9/11 revisited

Ten Years.

 

One Decade.

 

Kind of Amazing to think about it.  Many of my current students were only in first or second grade when this thing happened ten years ago.

 

You probably will read about memories or perhaps questions to our current national safety.  You may watch some retrospective or “talking heads” debating the efforts of President Bush and Obama.  I’m sure if you are an NFL fan, the league will have some sort of special thing they do at their games.  College football may have also done that on Saturday.

 

Where are we?  Who are we?  Who do you want us to be?  Who do you want yourself to be?

 

To me, these are the real questions we should be asking, though few do.  These questions are deep, personal, getting down into the core of your being, what you really believe.  Many don’t like to plumb those depths, but rather stay at the surface of life.

 

Ten years ago, I was writing for a local Orlando magazine.  I think my words to the city then are still apt today, so as you reflect on these past 10 years, I hope that you will pause to consider the deeper questions, questions that our national leaders can’t really answer—only you can.

 

Well, if you ever doubted that we had entered a strange new world a few years back, you don’t any more.  In this monthly column, I usually try to take a look at popular culture with a Christian viewpoint, but my mind is, like everyone else’s, trapped by the images of collapsing towers.


We are in a swirl of emotions, images and thoughts as we attempt to regain some equilibrium about the tragedy that hit our nation in September.  You are probably reading these words in November, a time when we might be thinking about the holidays.  We will do that, of course, and maybe this Thanksgiving we will be truly thankful, but right now its late September, only 2 weeks since we were jolted into the reality of the war that has been raging around the world for a few years now.
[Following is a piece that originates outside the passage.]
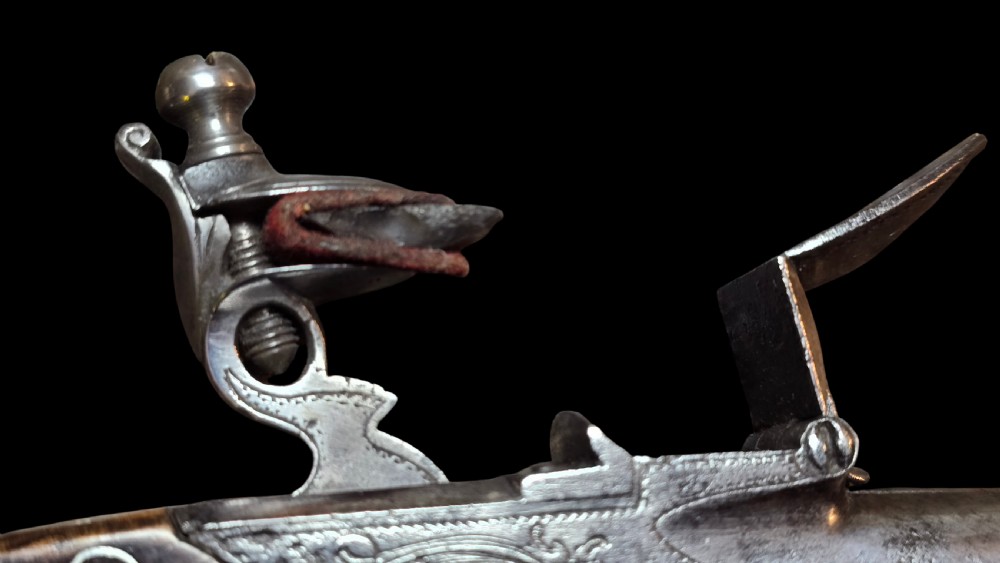 An 18th-century English flintlock pocket pistol featuring a steel cannon barrel, engraved action, and a dark wooden grip with inlaid silver wire scrollwork. View XXV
Already many are getting apocalyptic (and maybe for good reason) with the image of a devilish face in the smoke, the various fake Nostradamus quotes, and thoughts of war.  Billy Graham preaching the gospel to all nations at one time at the Friday memorial service the week of the attack is just one more shocking idea that hits the internet.


It is not all that amazing that the date of the attack is 9/11/01. 9-1-1 is our national call sign for an emergency.  This is a 9-1-1 for America.  But who will we call?  Many are once again praying to God, but do they know who they are even talking to?


My prayer for the church in America is that we will finally shake off the slumber and rise up to be the disciples He said we should be.  We must take the stage now as Salt and Light in what may be (at the very moment you are reading this) a world war of sorts.  God has given us this moment to have people with a desire to hear.  Are we ready to speak clearly, past the religious mumbo-jumbo, to a real story about a real person that you really have a real relationship with?


So, America, what will it be?  Will we 9-1-1 our military forces?  Will we 9-1-1 the President?  Our allies?  Will we, like Israel from centuries of old, turn to allies that once were our enemies?  Or will we 9-1-1 the Eternal One, the Creator God, the God of our forefathers?  Will we pray to God for His mercy and will we turn from our wicked ways?


I’ve been calling my church to make these days ones of intense prayer, fasting, soul searching.  Of course, do all you can for the victims and their families.  Pray for wisdom for our leaders.  But also, ask God to help you be the person who lives out a life that is worthy of the calling.

 

And, so now, on 9/11/11, take time to reflect.  Pray for the families of those victims; pray for the soldiers and their families, many of whom have been making monumental sacrifice for almost the entire decade, far beyond “one tour of duty.”  But at the same time, honor those victims and soldiers by digging deep into the core issue of “who you are.”

 

For what are you living your life?  For whom?  Don’t run from these questions—the stake of our country and what it becomes rests on our individual answers.